• **The data**
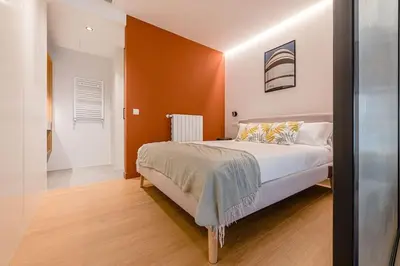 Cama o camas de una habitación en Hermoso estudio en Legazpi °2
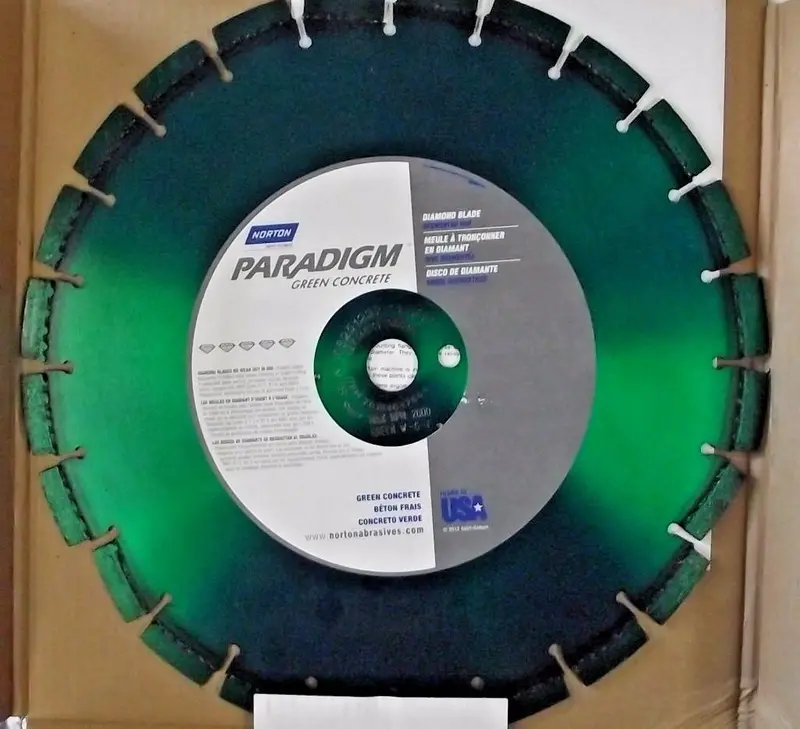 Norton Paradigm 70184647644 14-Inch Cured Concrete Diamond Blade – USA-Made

---

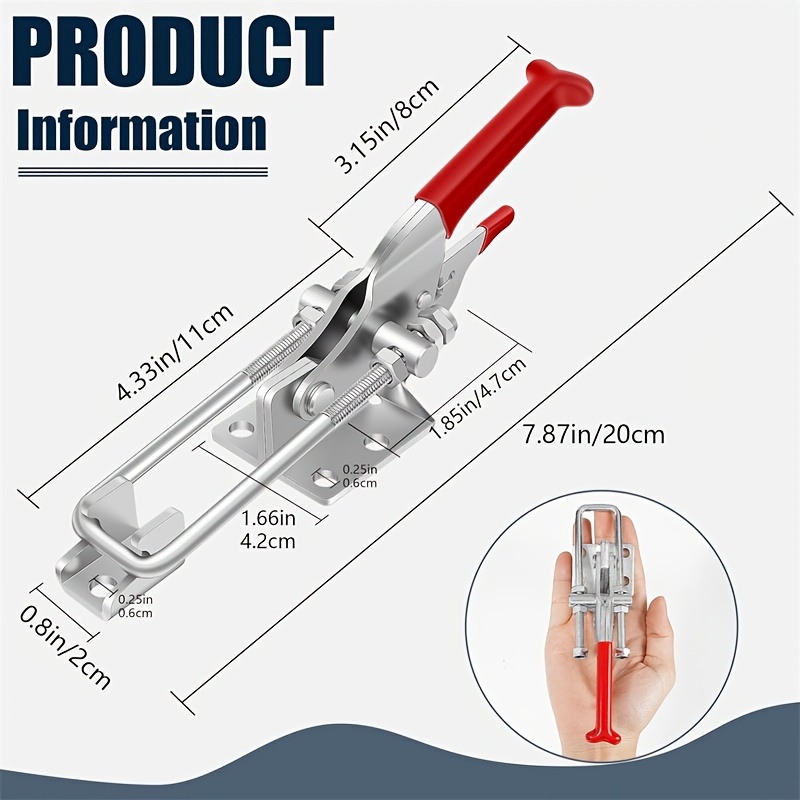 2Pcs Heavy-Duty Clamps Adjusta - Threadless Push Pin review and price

• **Exercise details**
For this exercise, reproduce exactly the lines of the records above from the one with "Cama o camas" up to and including the one with "Norton Paradigm 70184647644", without pictures.

• **Response to this exercise**
 Cama o camas de una habitación en Hermoso estudio en Legazpi °2
 Norton Paradigm 70184647644 14-Inch Cured Concrete Diamond Blade – USA-Made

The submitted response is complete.